Grazie alla legge Cirinnà, sono state regolamentate, almeno in parte, le coppie di fatto, vale a dire le convivenze, non formalizzate da un matrimonio, fra due persone, anche dello stesso sesso. In caso di morte di uno dei due conviventi, la questione della successione è più complessa rispetto a una famiglia “normale”.
Per prima cosa è bene che la convivenza è giuridicamente rilevante quando riguarda due persone maggiorenni, unite stabilmente da legami affettivi di coppia, e viene data dimostrazione di reciproca assistenza morale e materiale, coabitando ed avendo dimora abituale nello stesso comune. Fra i diritti riconosciuti grazie alla legge Cirinnà troviamo:
- diritti relativi alla sfera della tutela della persona, come il diritto di visita, assistenza e accesso alle informazioni in caso di ricovero,
- diritti relativi alla sfera patrimoniale, come il diritto alla partecipazione in un’azienda familiare, o il diritto agli alimenti in caso di separazione.
In caso di morte del compagno, cosa succede? Lo abbiamo chiesto a Walter Moladori, consulente finanziario.
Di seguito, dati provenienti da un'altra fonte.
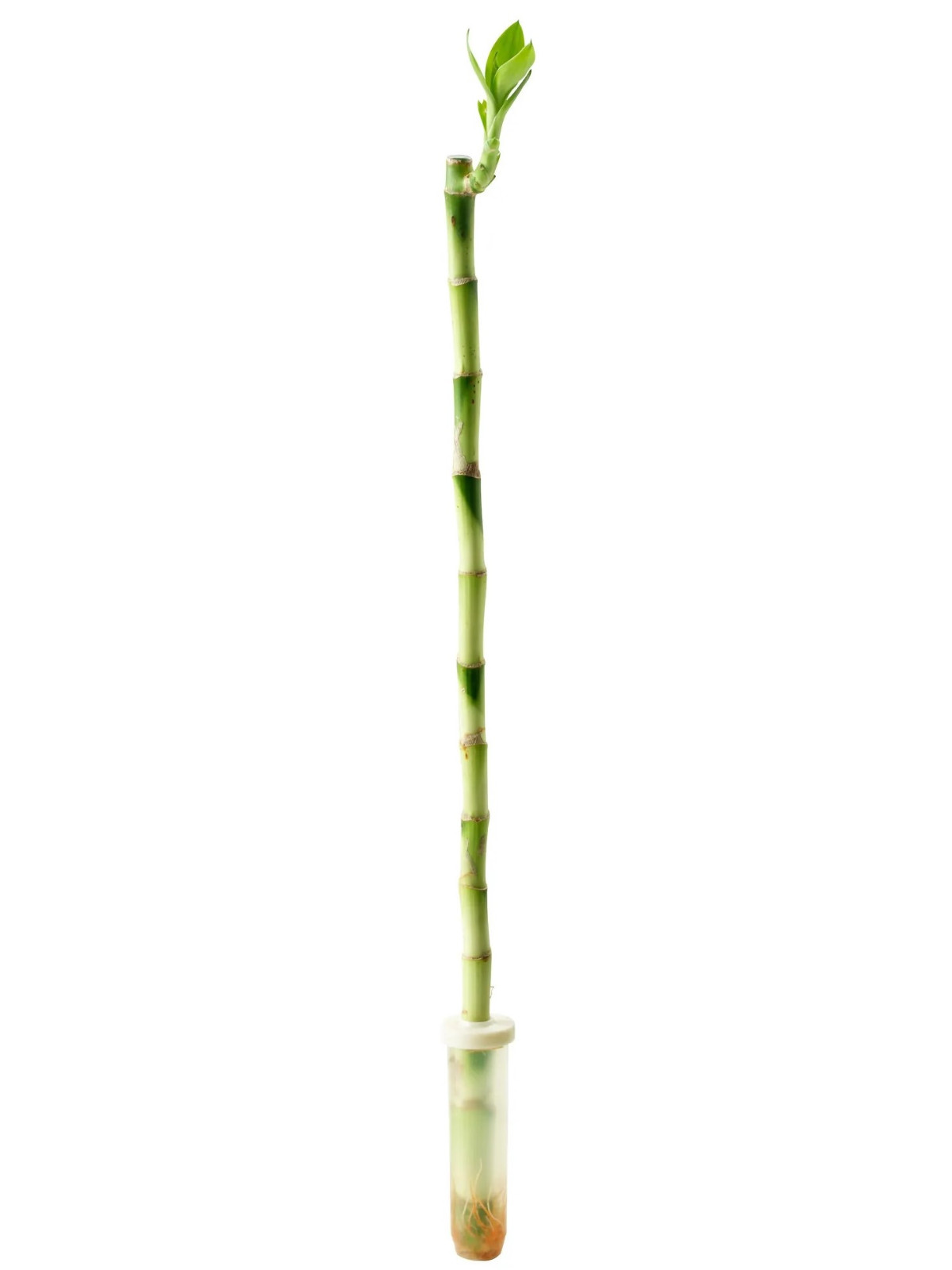 How do you grow dracaena cinnabari?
In caso di morte del convivente proprietario della casa di comune residenza, il convivente superstite ha diritto di continuare ad abitare nella stessa per due anni, tre in caso siano presenti figli minori o figli disabili del convivente superstite. Il massimo consentito è cinque anni, e il diritto di abitazione cessa se il convivente superstite smette di abitare stabilmente nella casa in questione, se si sposa o inizia un’altra convivenza. In caso la casa sia in affitto, il convivente superstite ha facoltà di succedergli nel contratt.
Escluso l’ambito abitativo, non vi sono riferimenti legislativi per i conviventi in merito alla successione patrimoniale, al contrario di quanto avviene per i coniugi. I conviventi, in caso di morte del compagno, possono ereditare solamente grazie a disposizioni testamentarie, altrimenti non è possibile vantare nessun diritto sui beni, che saranno ereditati dai parenti del defunto.
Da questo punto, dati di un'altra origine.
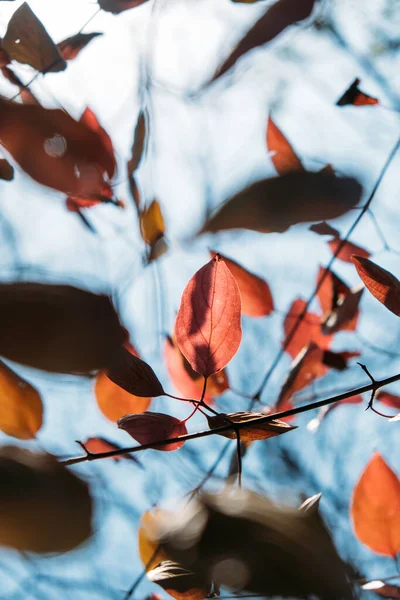 Vertikal höst natur bakgrund med bär och blad. Hösten bakgrund med naturliga element, Vertikalt foto. Selektiv inriktning — Stockfoto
I conviventi, oltre a non poter contare sulla legittima, non hanno diritto ad alcuna agevolazione fiscale, tanto che eventuali donazioni o in disposizioni successorie in favore del convivente scontano ai sensi del T.U.S. l’aliquota nella misura massima, vale a dire l’8%, esattamente come per le liberalità tra estranei. I conviventi non beneficiano, inoltre, di alcuna franchigia. Tale franchigia invece si applica ai coniugi ed agli uniti civilmente.
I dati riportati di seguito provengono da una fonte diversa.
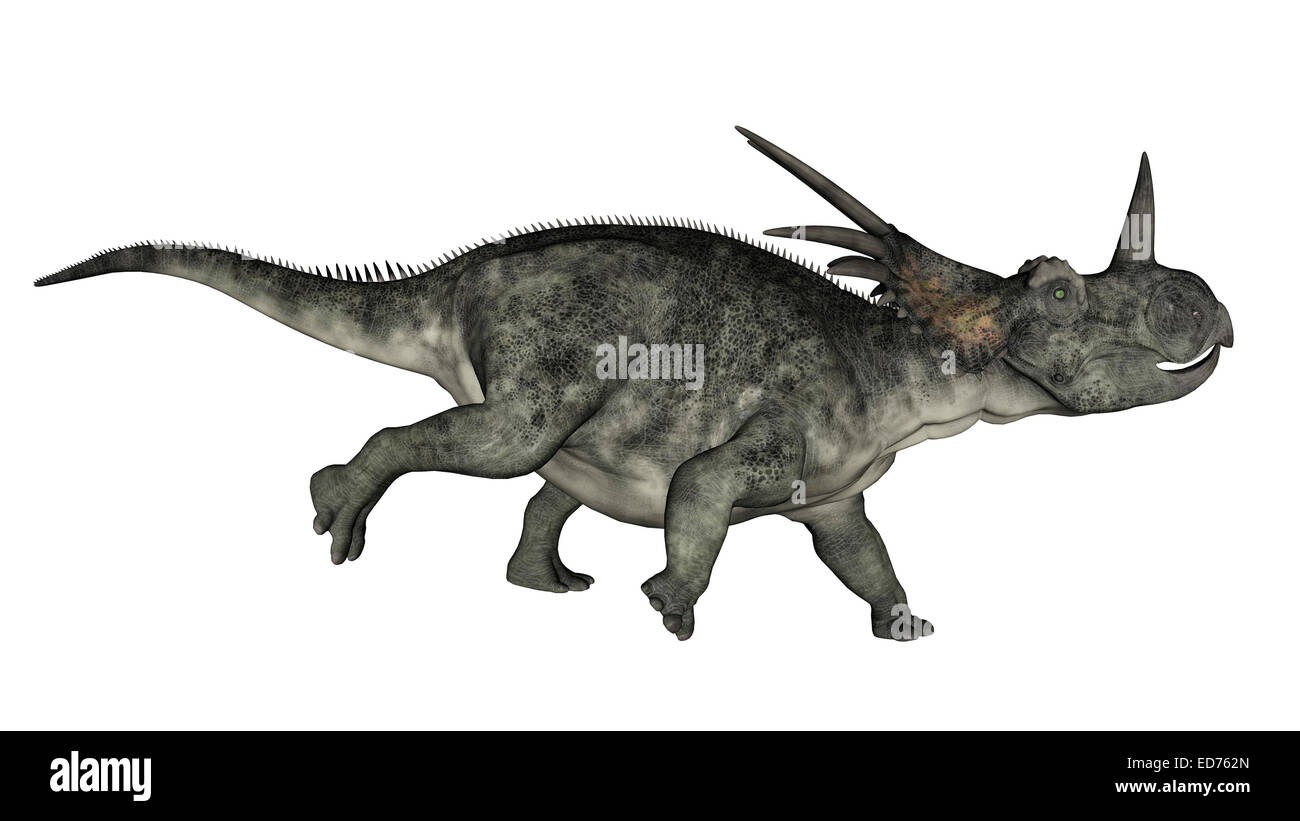 Dinosauro Styracosaurus in esecuzione sullo sfondo bianco. Foto Stock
Se la convivenza si trasforma in un’unione civile, il partecipe di una unione civile acquisisce la stessa posizione che nel matrimonio compete al coniuge superstite, acquisendo quindi lo status di successore legittimo e, quindi, il diritto a conseguire una quota dell’eredità e ad abitare vita natural durante nella casa già adibita a residenza dei componenti dell’unione civile. Allo stesso modo acquisisce il diritto di contestare le donazioni e le disposizioni testamentarie che non gli permettano di acquisire una quota del patrimonio del defunto risultante dalla somma di quello lasciato dal defunto alla sua morte e di quello che il defunto medesimo abbia fatto oggetto di donazione durante la sua vita.